The English world is almost comic in the light of its most cherished illusions. It does not base its outlook upon the unalterable laws of life, consequently it is constantly receiving the rudest shocks and the most unpleasant surprises. The fact that so many thousands of women in England and Wales were unfaithful to their husbands during the war came as a shock to the dear Puritanical and ignorant old ladies, chiefly unmarried, that rule public opinion in England.

Had they ever dreamt, or had they ever been told, that the best women, the most desirable women, must be unfaithful to their husbands when, through what cause soever, the latter are forcing them to be unfaithful to Life itself, they might have shown less righteous indignation and more understanding when the women of the country in their legions turned adulteresses in war-time.

As it was, the phenomenon was quite unexpected, and proved a most terrible blow to the national conscience. For it was realized only too shrewdly that if thousands of these women were ultimately found out, many more thousands must have escaped the discovery; and thus the character of the nation seemed to have suffered very severe deterioration.

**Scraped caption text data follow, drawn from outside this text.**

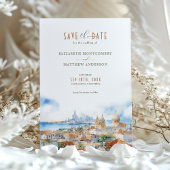 カルタヘナコロンビア救スカイライン旅行 招待状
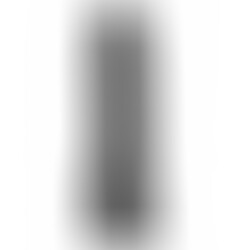 All Black Pene 20 cm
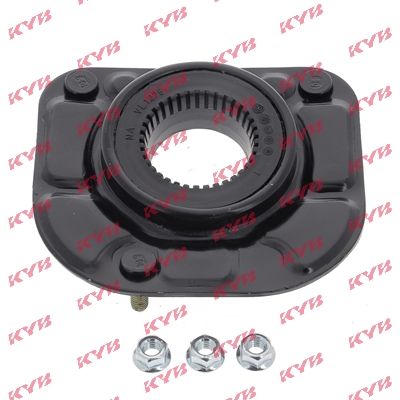 Repair Kit, suspension strut support mount KYB SM5165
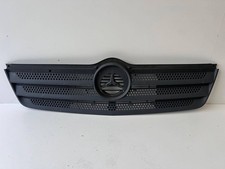 Mercedes-Benz Vito Viano W639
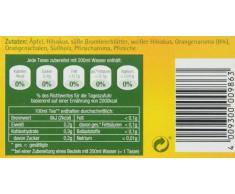 Teekanne Spanische Orange, 3er Pack (3 x 20 Teebeutel)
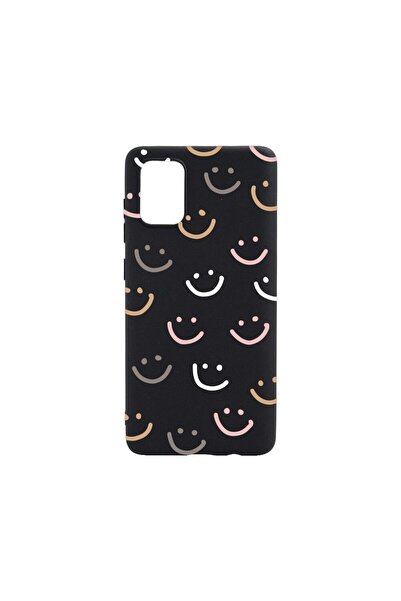 bestcase Λεπτή Θήκη Σιλικόνης 0.8MM, Συμβατή με Samsung Galaxy S20, Smile Ple...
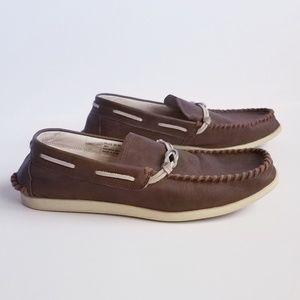 Robert Wayne | Slip on Loafers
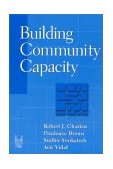 Building Community Capacity  cover art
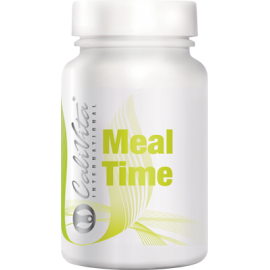 Meal Time Calivita - enzime digestive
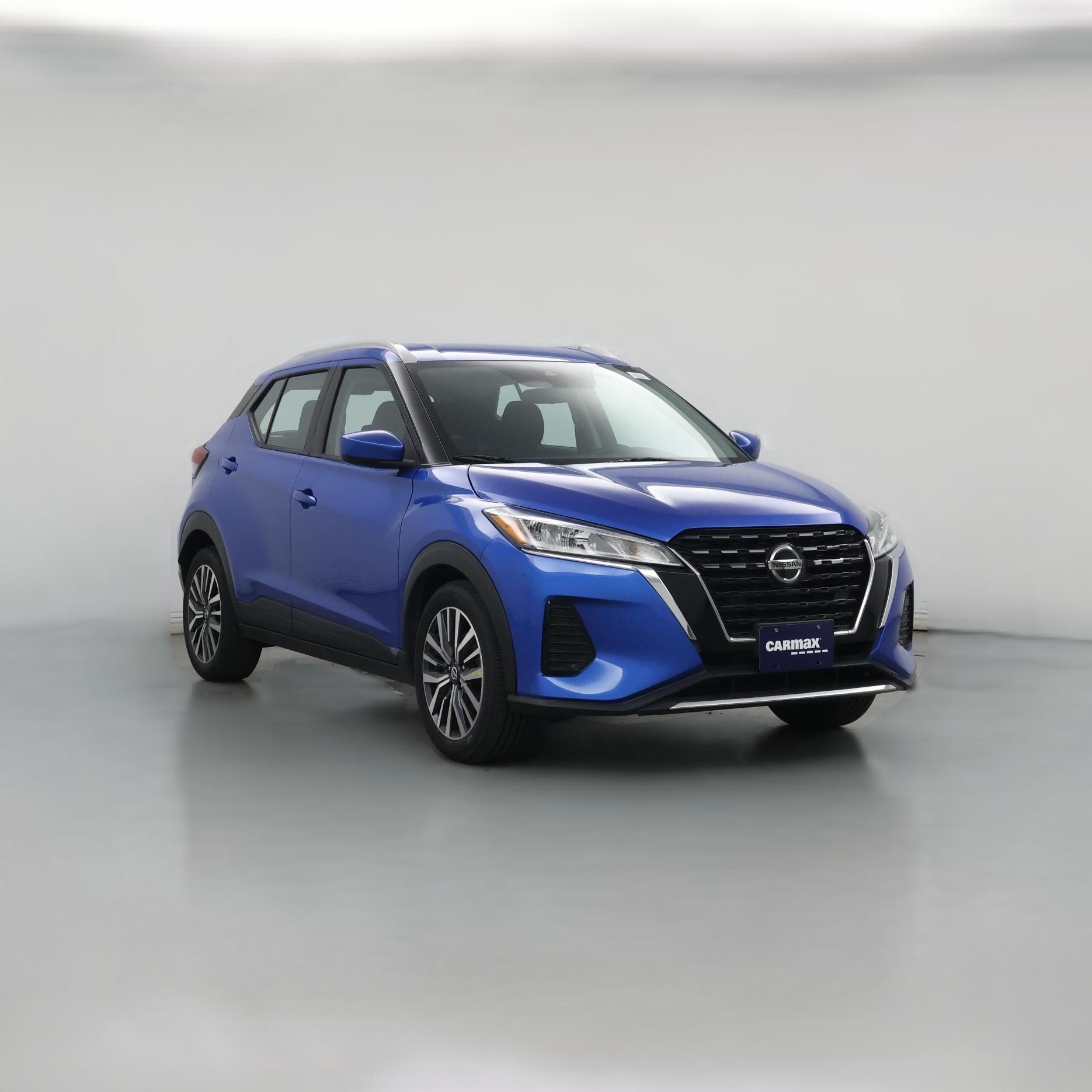 Thumbnail: 2021 Nissan Kicks - 1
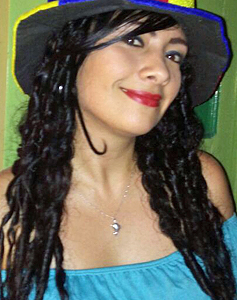 42 Year Old Calarca, Colombia Woman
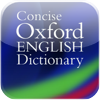 The Concise Oxford English Dictionary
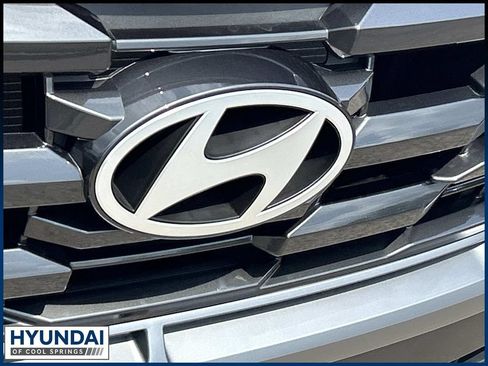 New 2026 Hyundai Tucson SE FWD image 11
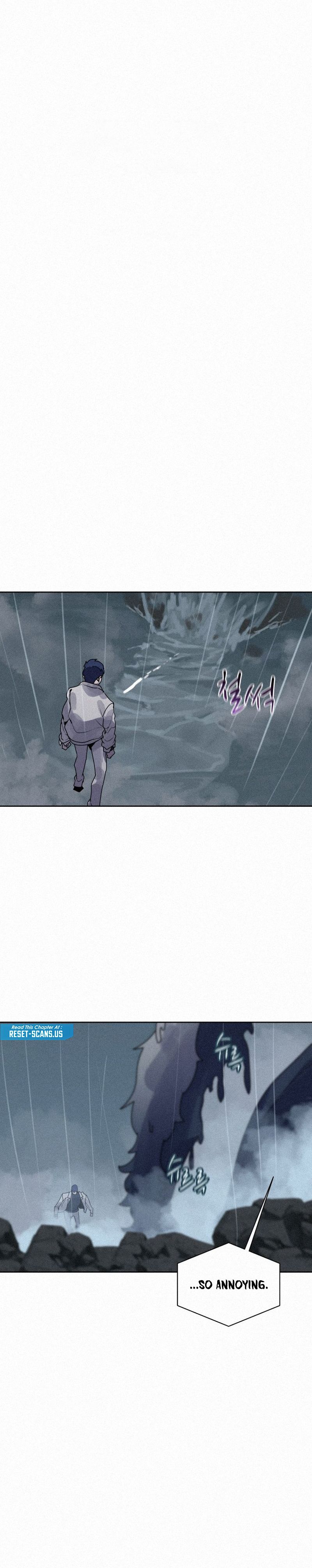 The Book Eating Magician Chapter 110 - Page 9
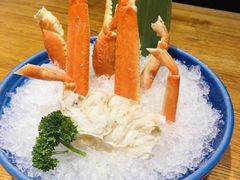 -德川家日本料理(中关村寰太大厦店)
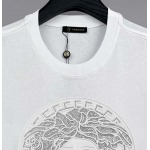 2025年3月5日新品VERSACE半袖Tシャツ  DU1工場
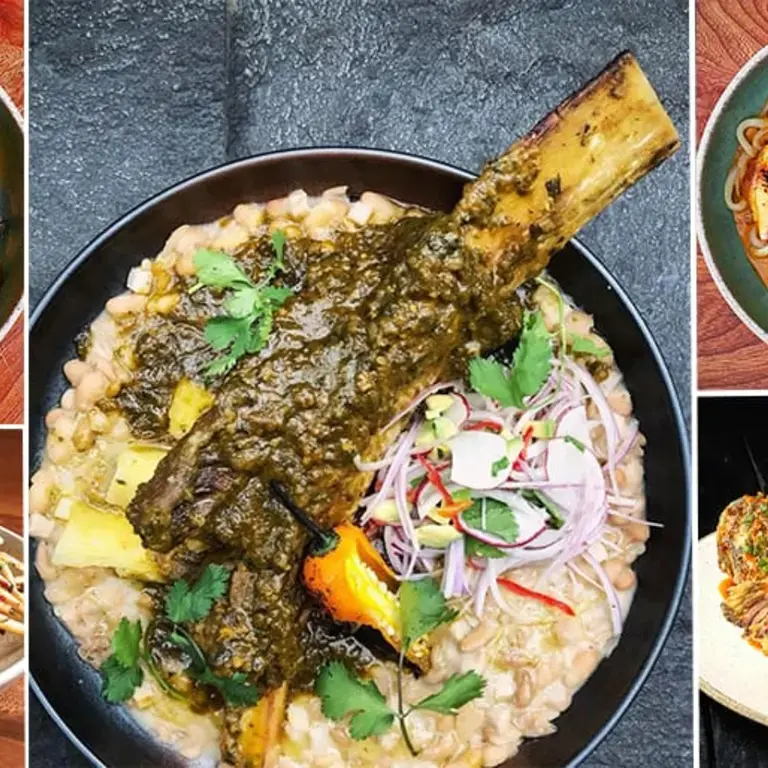 10 Iconic Dishes from Gastón Acurio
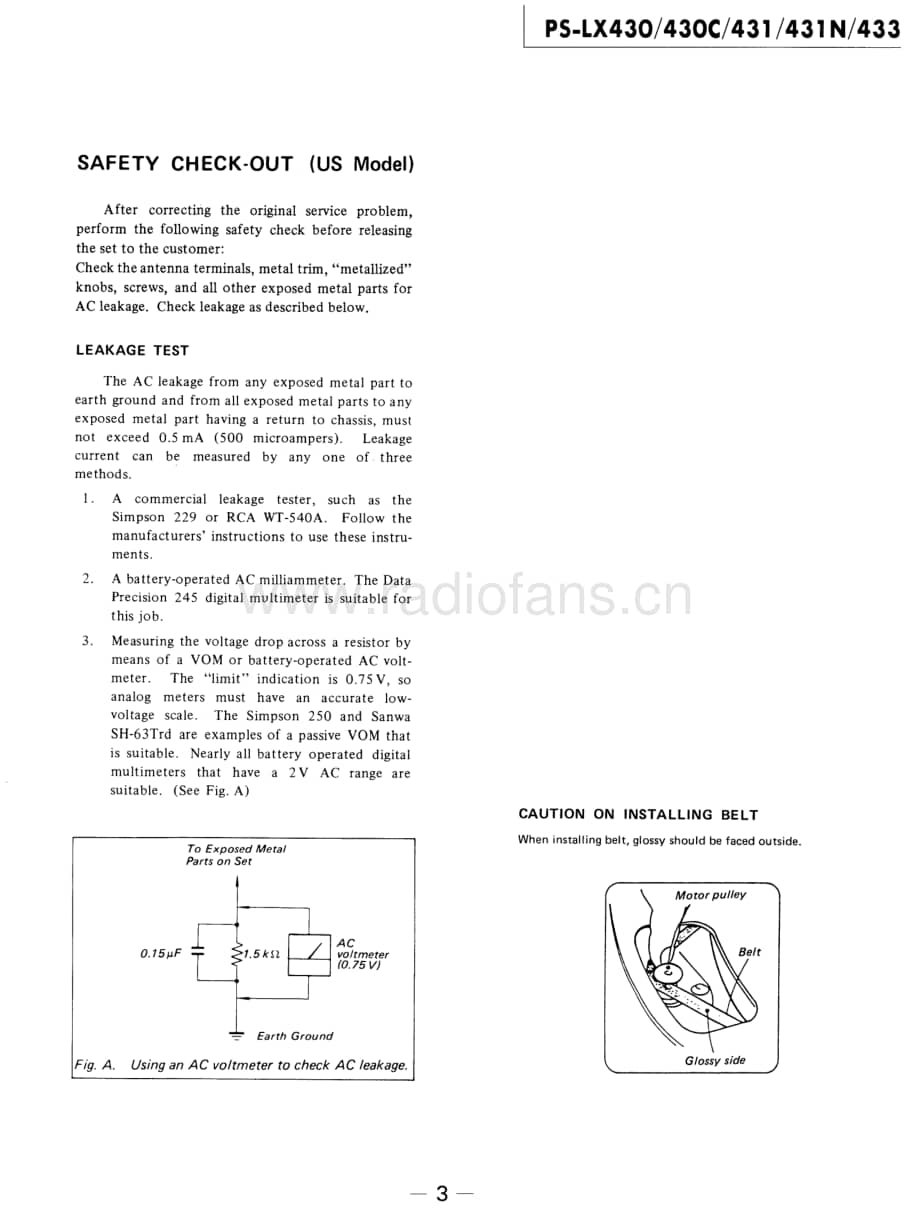 Sony-PS-LX431-Service-Manual电路原理图.pdf_第3页
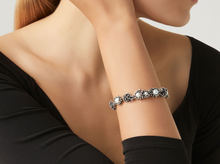 Load image into Gallery viewer, Bracciale Anemone Piccolo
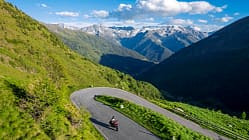 Valcamonica, Italien Reise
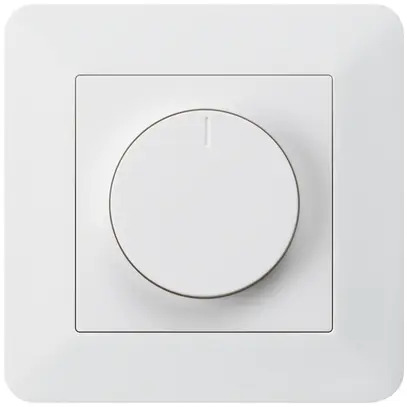 Variateur rotatif ENC kallysto.trend 20…550W interruption de phase blanc 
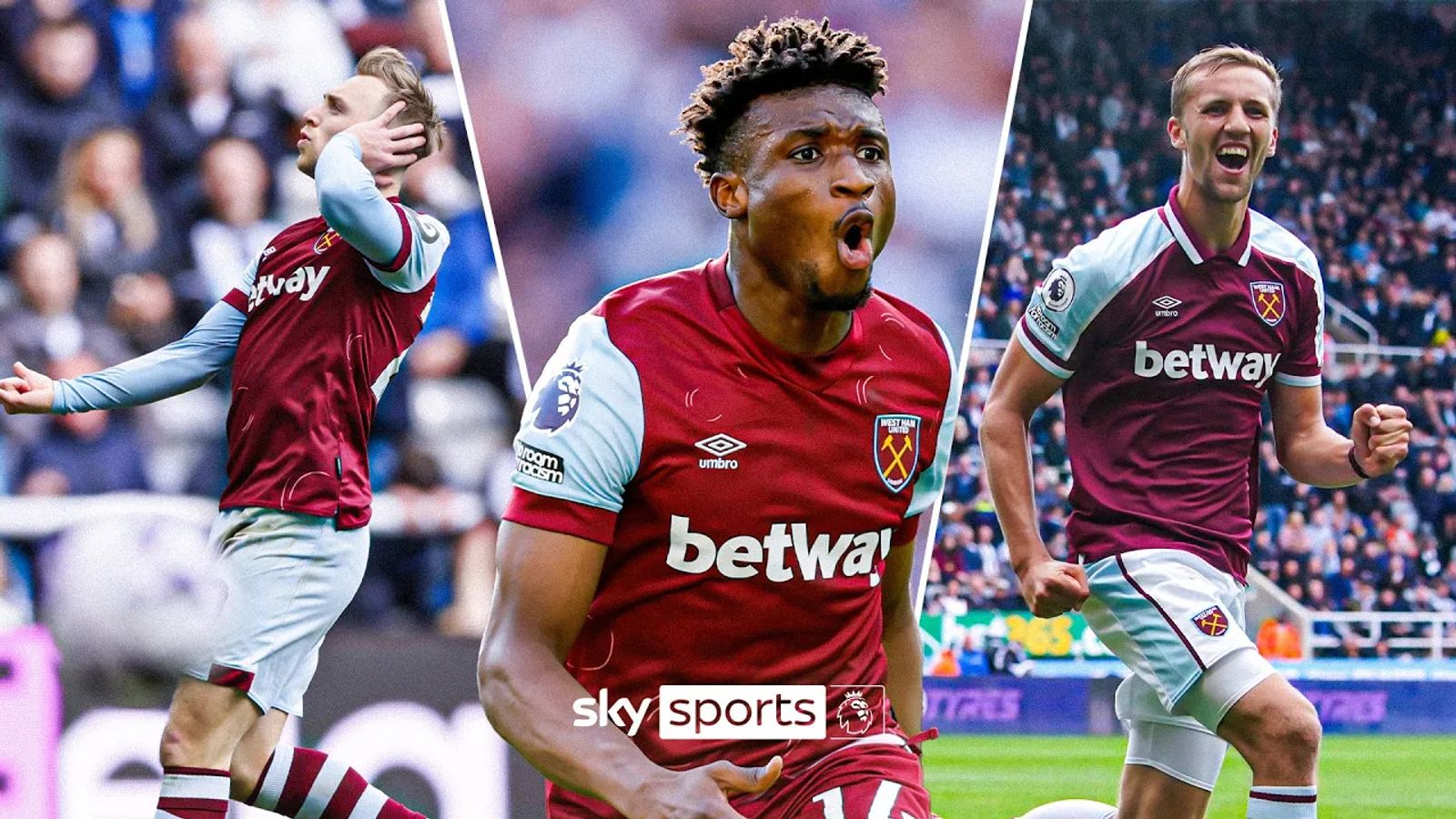 West Ham Premier League 2024 25 Fixtures And Schedule Football News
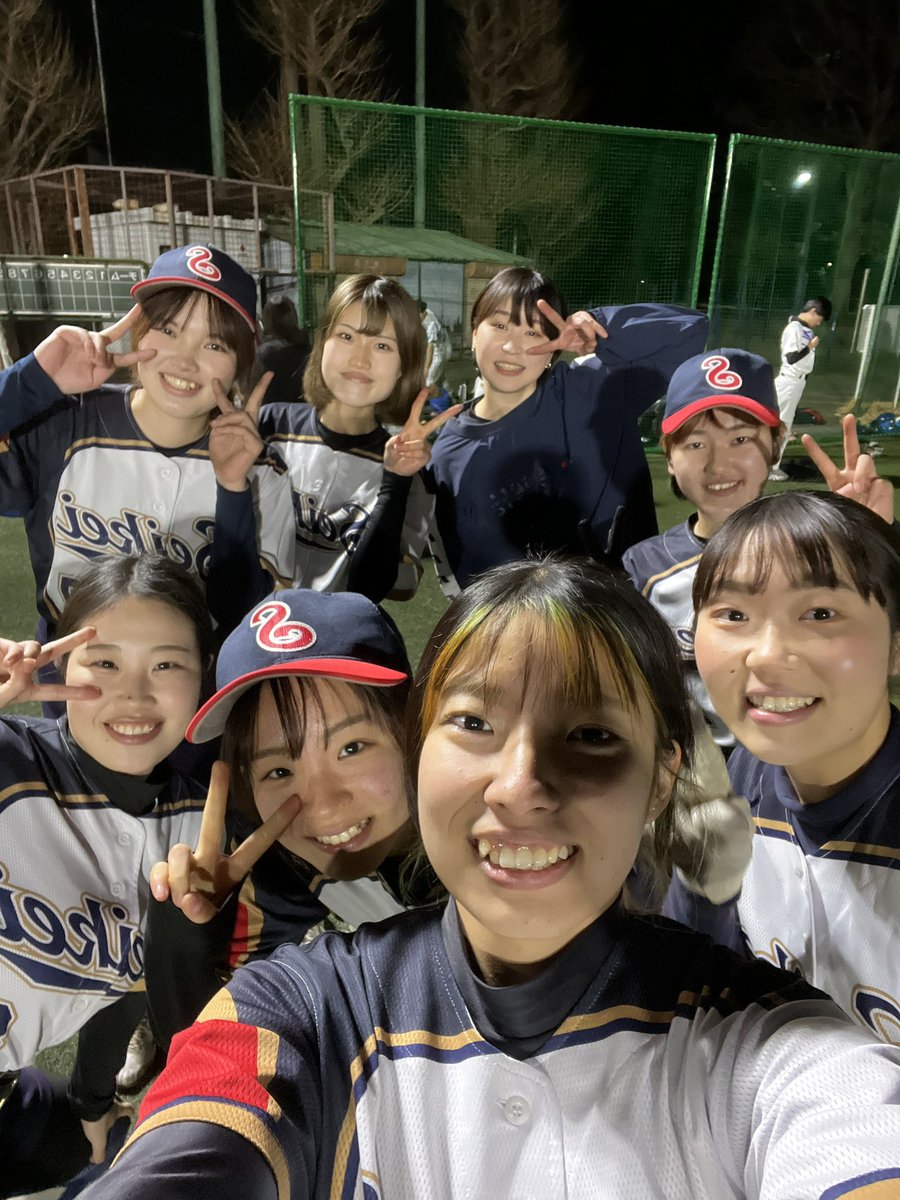 seikei_softball's tweet photo. 3/6に4年生の卒団試合を行いました‼︎
1.2年vs3.4年も圭佑ｻﾝﾁｰﾑvs峠岡ｻﾝﾁｰﾑも接戦でした‼︎

今まで本当にお世話になりました‼︎
ぜひまた部活にいらして下さい🥺
お待ちしています‼︎ https://t.co/SYqg4QjPbi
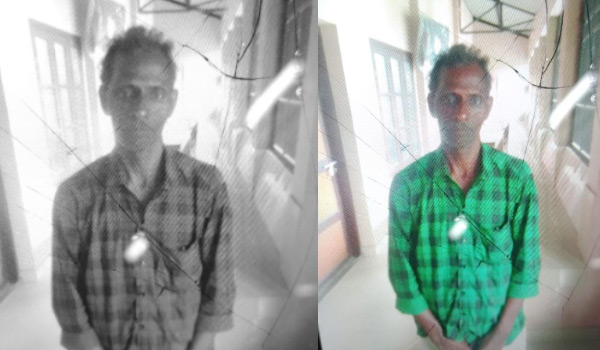 പോക്‌സോ; പ്രതിക്ക് തടവും പിഴയും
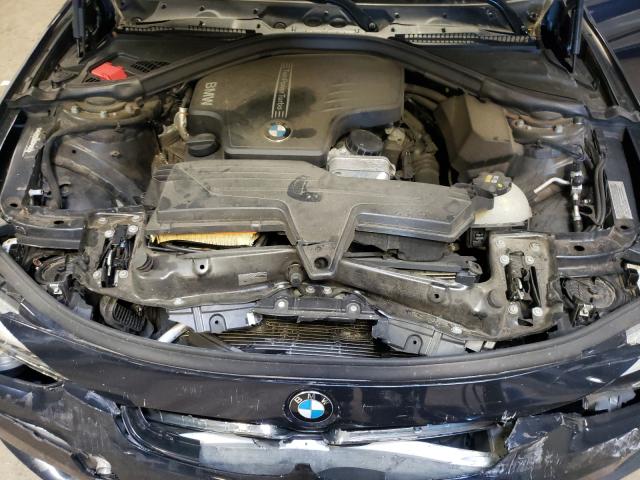 2016 BMW 320 XI WBA8E5G50GNT40827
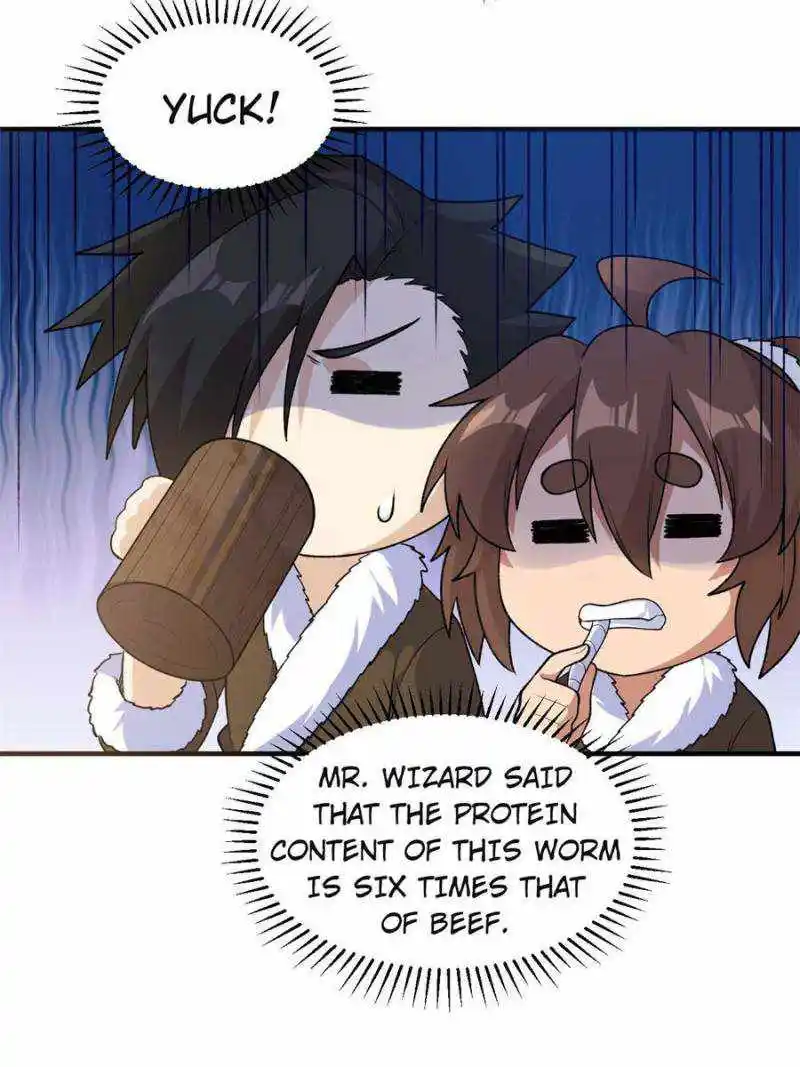 Survive On A Deserted Island With Beautiful Girls Chapter 262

Truth to tell, the parties to blame were not the women at all, but the hopelessly vain men who were the co-respondents in the actions, and who understood so little of female psychology that they interpreted these adulteresses’ fidelity to Life and its multiplication, as a preference, if you please, for themselves before their legal spouses. Not knowing of the positive woman’s inveterate fidelity to Life, they arrogantly imagined that their personal and irresistible attractions were the cause of these adulteresses’ infidelity to their husbands.

They—these men—were the people against whom the world ought to have inveighed; for the man who is capable of so misunderstanding the human female as to flatter himself that it is his personal attractions that are seducing her, when all the time it is the Will of the Species, neglected by her absent husband, that is impelling her to go in search of fertilization elsewhere, is not worth the rope with which he ought to be hanged.

The mistake, as a mistake, is all the more monstrous, seeing that it is the outcome of maniacal vanity. For no man who was not too much elated by a woman’s attention to retain calm reflection, could ever be such a fool as to imagine that his triumph over her husband was due to his own personal charm.

There is no need, however, to labour the question any longer, if once the true nature of woman be properly grasped; for then it is seen immediately that, in the best and most vital women, fidelity to Life must take precedence of fidelity to the mate, to a pledge, to an oath, to a vow, to a custom, or to anything else.[81]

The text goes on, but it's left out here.